What follows are some of the best words of advice I have heard, all from fellow oncologists:

(1) Realistically evaluate your practice and decide if you would be happier earning less money but having more time and help. As it is said, few people go to the grave thinking, "I wish I had worked more hours," or "I wish I had accumulated more money." Stop taking new patients until you catch up. Hire people to help you—another partner, a nurse practitioner, someone savvy to talk with insurance companies and help with paperwork. Pay them well, so they stay with you.

(2) Hang out with other oncologists and take pride in your profession. Teach it to others. Take on a preceptor in medical school or residency. You will see just how valuable your knowledge is. It is easy to get jaded and think others have so much more going on than you.

(3) Say NO. Take time off. Arrange for adequate coverage and reciprocate. Take the cue from the mandatory residents' 80-hour work week—there is a reason why so many people put so much work into making that a reality.

(4) Read a website about sleep hygiene. Make a pact with yourself and your family to get better sleep.

(5) Exercise. Find something that gives you joy, and makes you feel young and healthy. Talk about your activities with others.

(6) Find a specialty within your practice. Be the "go-to" guy or gal for ethics, policy, sarcomas. It is gratifying to have expertise in a certain area. Attend the meetings, read the books and articles. It is a way of developing a special interest within your daily work.

(7) Schedule break time into your schedule. Schedule a lunch break and a short break in the morning and afternoon. Schedule half an hour for emergencies. No one ever played a soccer game without breaks.

(8) Schedule your family's activities first, then schedule work-related activities around them, rather than the opposite. By doing this, you send yourself and everyone else a message about priorities. This doesn't mean you don't value your profession or your patients.

(9) Share your sadness. There is nothing in the world happy about the 30-year-old diagnosed with metastatic cancer; nothing funny about her four children wondering what is going on, nothing funny about that 30-year-old breadwinner becoming disabled and losing her self-esteem along with her job and ability to care for her kids. Understand that sadness and grieving are part of your work.

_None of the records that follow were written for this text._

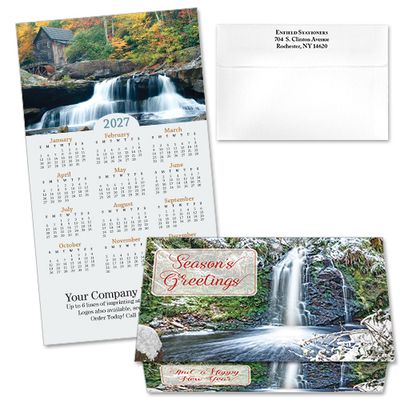 124337 Waterfall 6 Calendar Card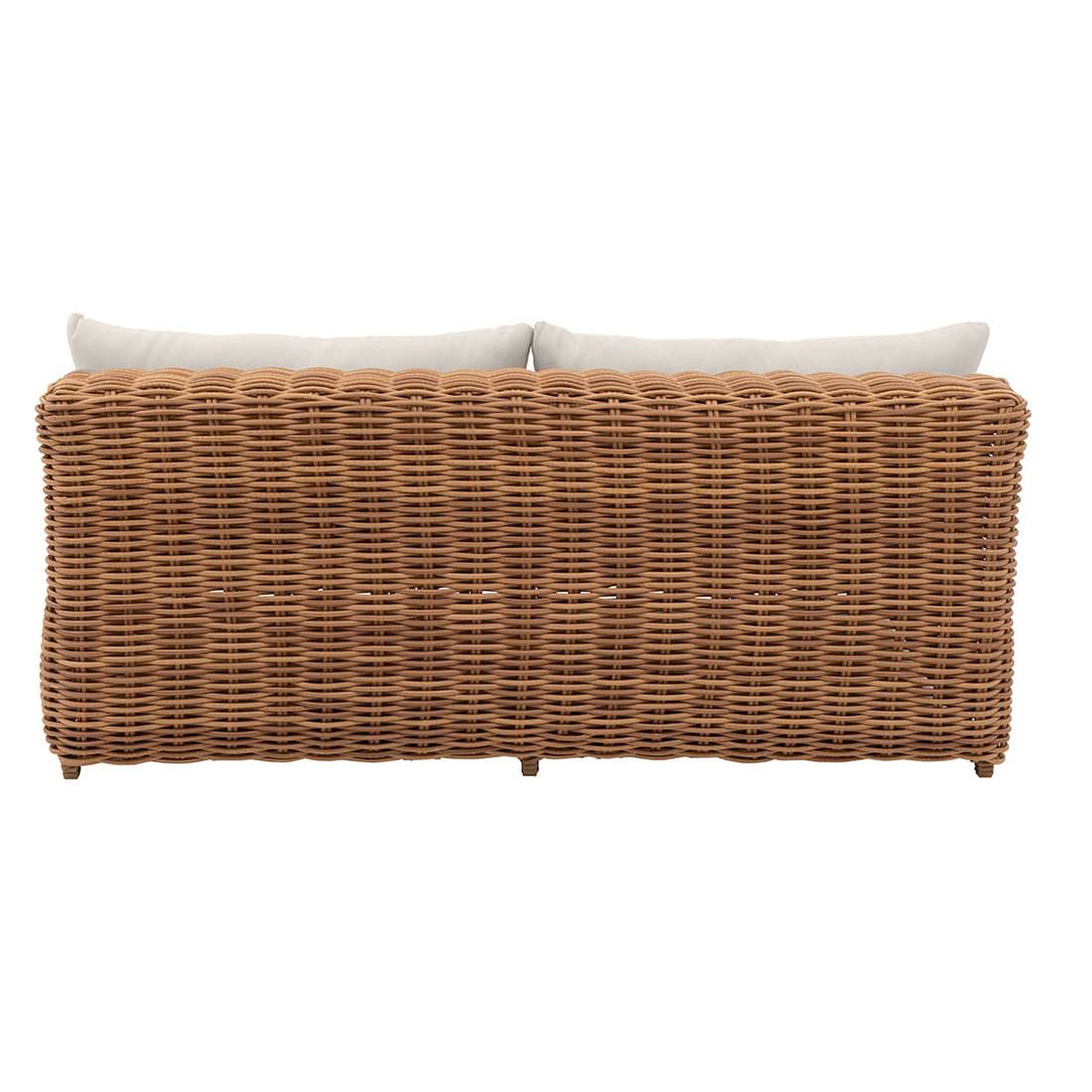 Oversikt over Hagesofa Versailles polyrotting flettverk 180 cm i hage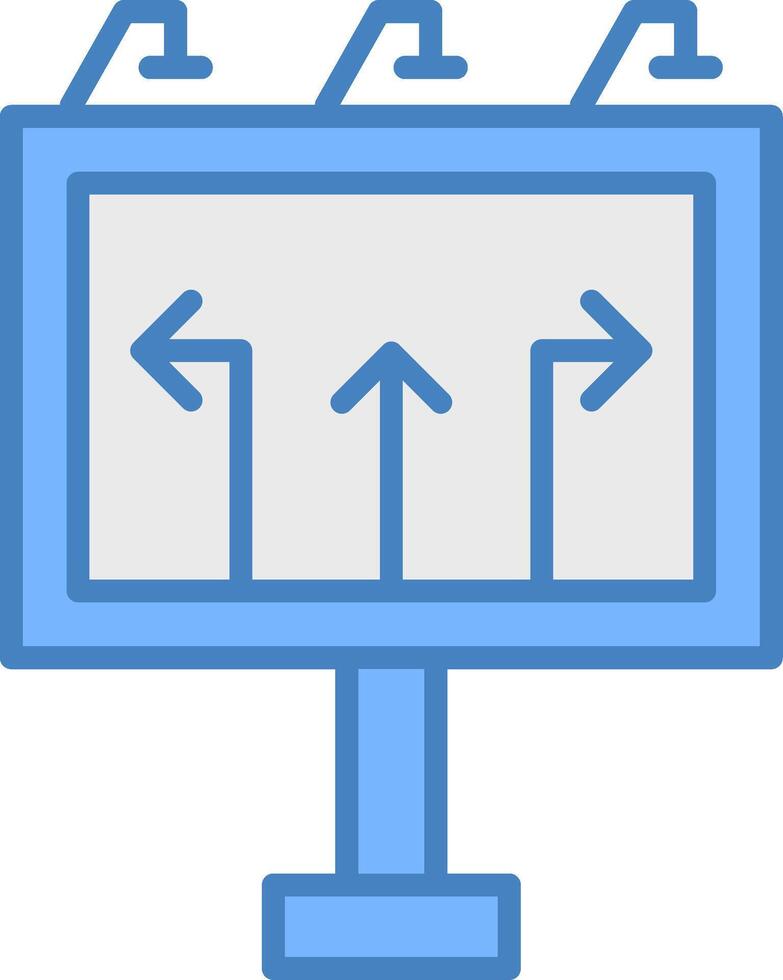 Road Sign Simple Frame Object vector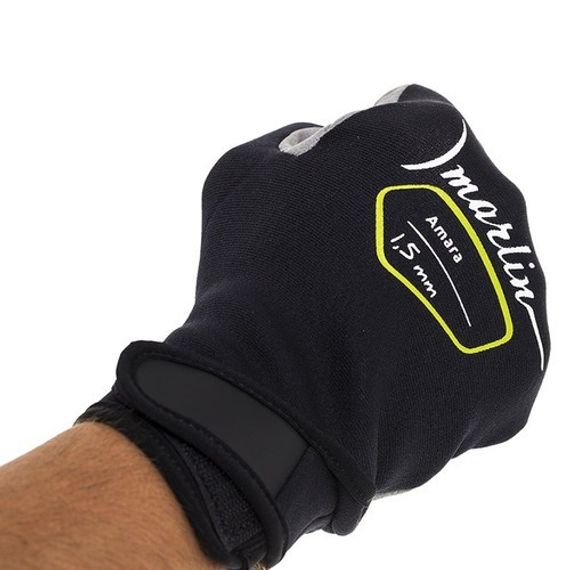 Перчатки Marlin Amara 1,5 мм Черные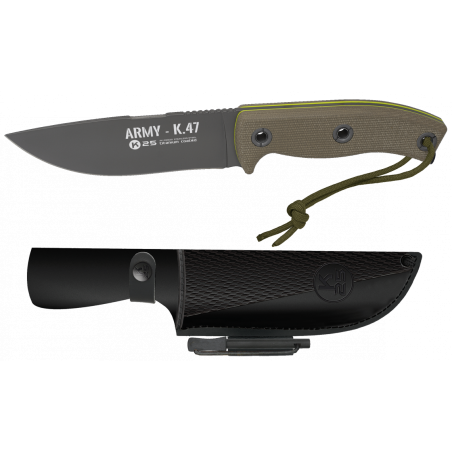 Nóż K25 Army K47 OD Green Micarta, Titanium 7Cr17Mov (32620)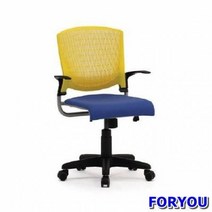 ForU576 관리자용 회전의자 알파 팔유 사출 쿠션 사무용의자 책상의자 사무의자, 아이보리 아이보리 레자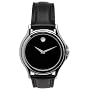 Movado Men's Museum Black Genuine Leather Strap Watch #0605761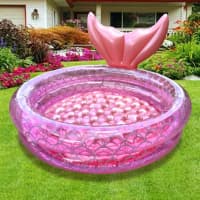 Şişmə hovuz Mermaid 60x25 sm, çəhrayı — şəkil 4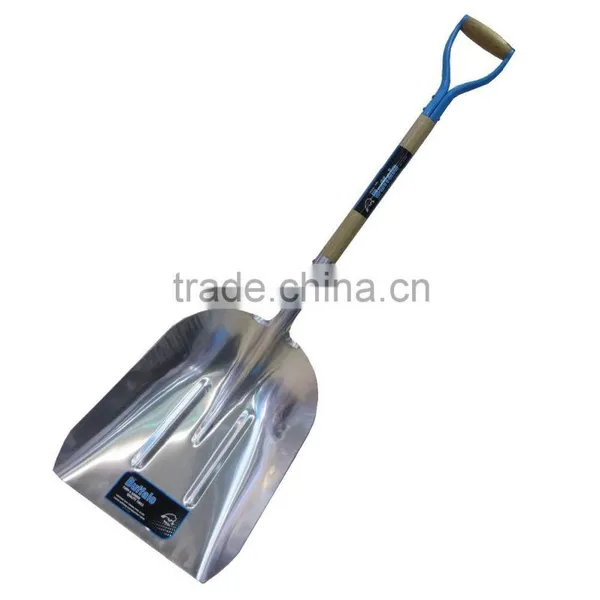12# US Standard Aluminum Snow Shovel With Handle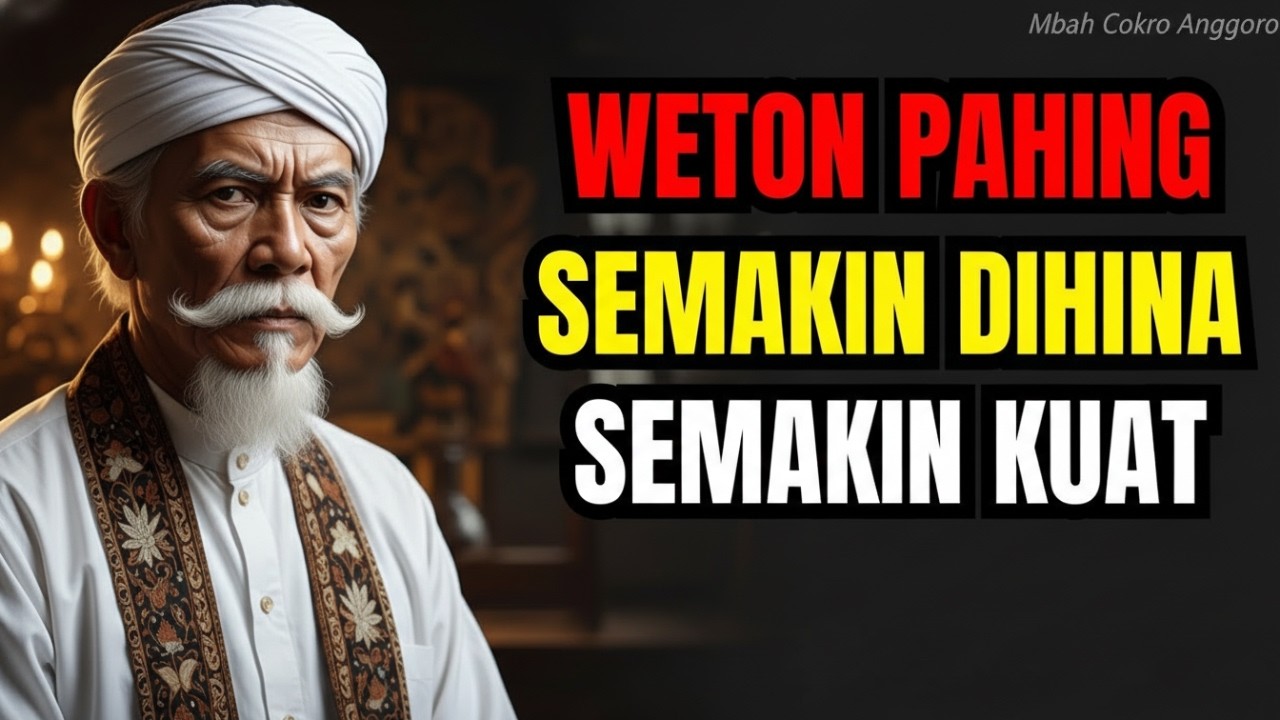 Pahing Tak Bisa Dihina! Semakin Direndahkan, Semakin Naik! Mbah Cokro Anggoro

(10) Find ways to help your 30-year-old. Nothing is worse than feeling helpless. As her doctor, you never are. Ask her how you can help her and feel satisfied that you have done all you could. Then talk with others caring for her, tell them how you feel, listen to their reactions. We are all adrift together in this sea of humanity. Read those articles you may breeze by thinking they are a luxury, the ones where someone writes in first person about how he deals with dying patients.

(11) Learn the best way to tell someone bad news, so you will not have the added burden of feeling inadequate in your communication.

(12) Read and study theology, philosophy, and metaphysics, to help identify the things that make you most uncomfortable. Separate things you can't influence from those you can. Remember that many things are beyond your control. Change your inner dialogue from one of self-criticism to one of thankfulness and wonder.

(13) Share your laughter. Celebrate the small victories you achieve every day: Getting the pain down from a 10 to a 3. Helping a patient truly understand her side effects. Seeing a patient transform from frightened to confident. You know that one—he cowers quietly during his first visit, but by his fourth and fifth, has discovered that your office is a safe place where people really care and will help him.